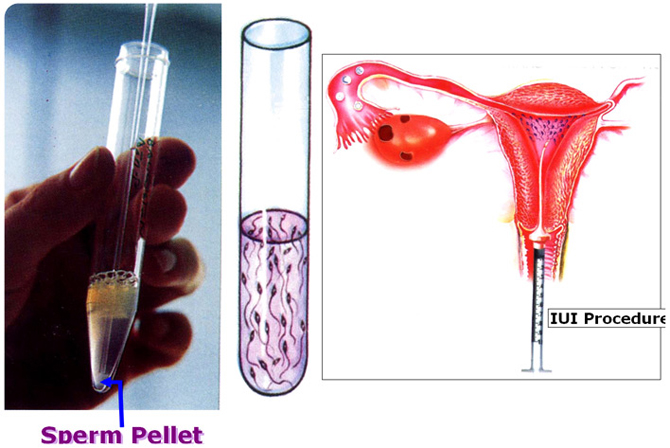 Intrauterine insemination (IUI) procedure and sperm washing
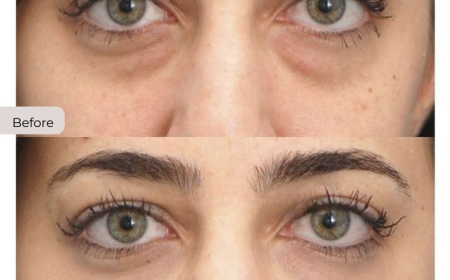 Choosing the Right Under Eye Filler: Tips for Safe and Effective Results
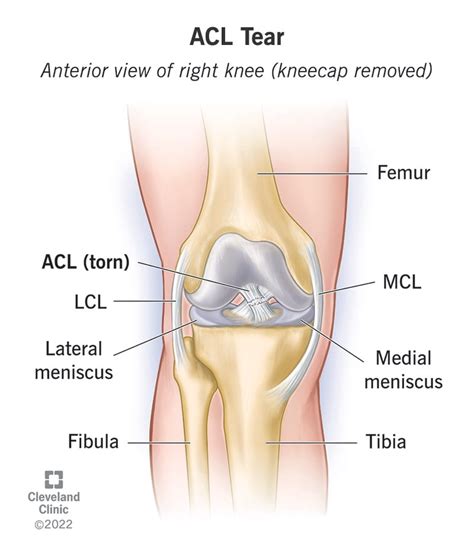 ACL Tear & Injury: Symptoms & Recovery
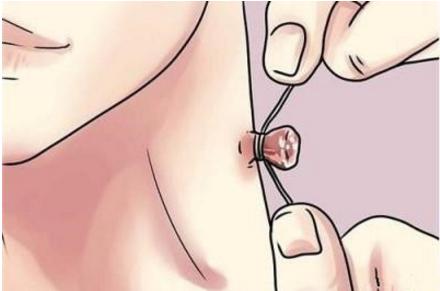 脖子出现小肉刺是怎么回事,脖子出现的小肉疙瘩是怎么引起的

====

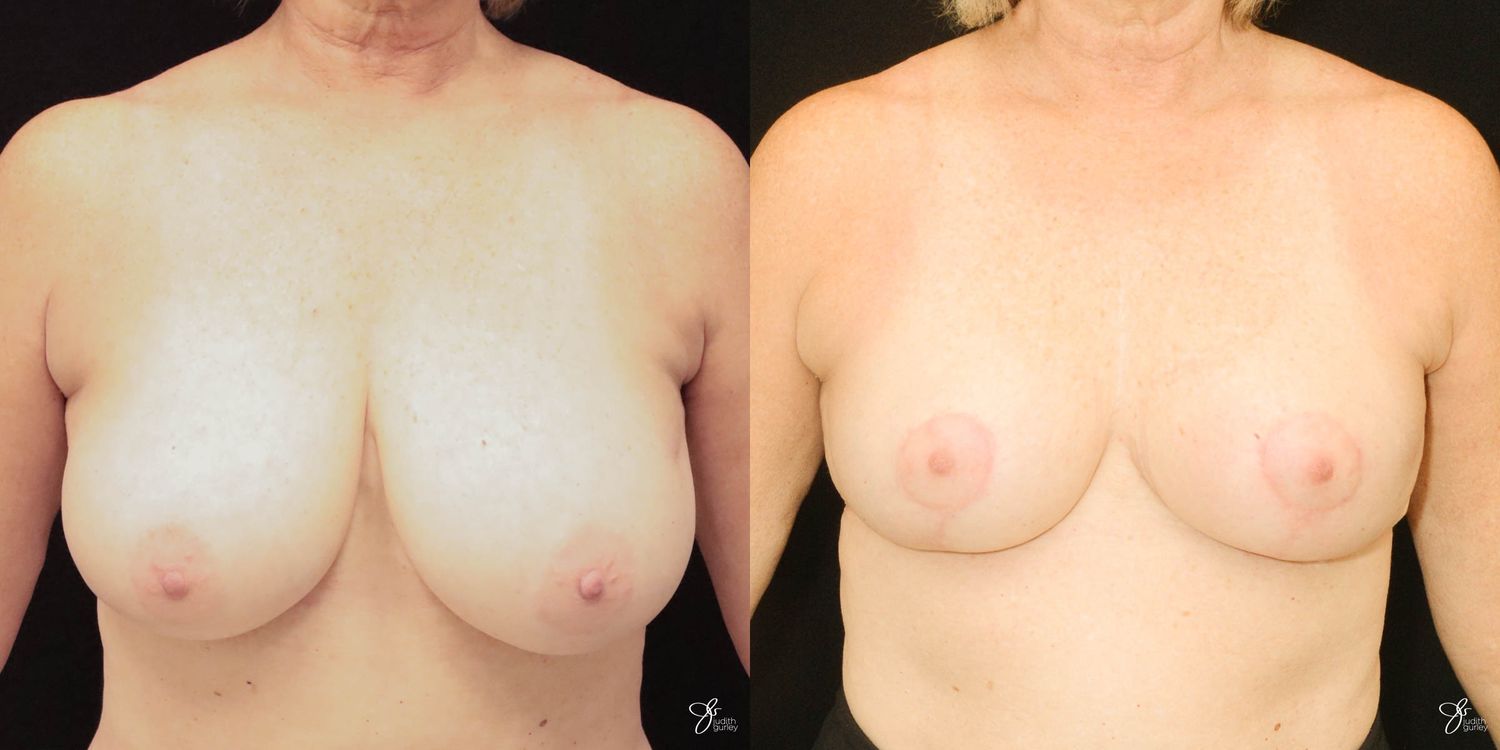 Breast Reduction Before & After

====

### [WHAT YOU NEED TO DO]
From the line with "Intrauterine insemination (IUI)" up to and including the line with "脖子出现小肉刺是怎么回事,脖子出现的小肉疙瘩是怎么引起的" above, retype every line exactly and nothing more; leave out the pictures.

### [FINAL ANSWER]
 Intrauterine insemination (IUI) procedure and sperm washing
 Choosing the Right Under Eye Filler: Tips for Safe and Effective Results
 ACL Tear & Injury: Symptoms & Recovery
 脖子出现小肉刺是怎么回事,脖子出现的小肉疙瘩是怎么引起的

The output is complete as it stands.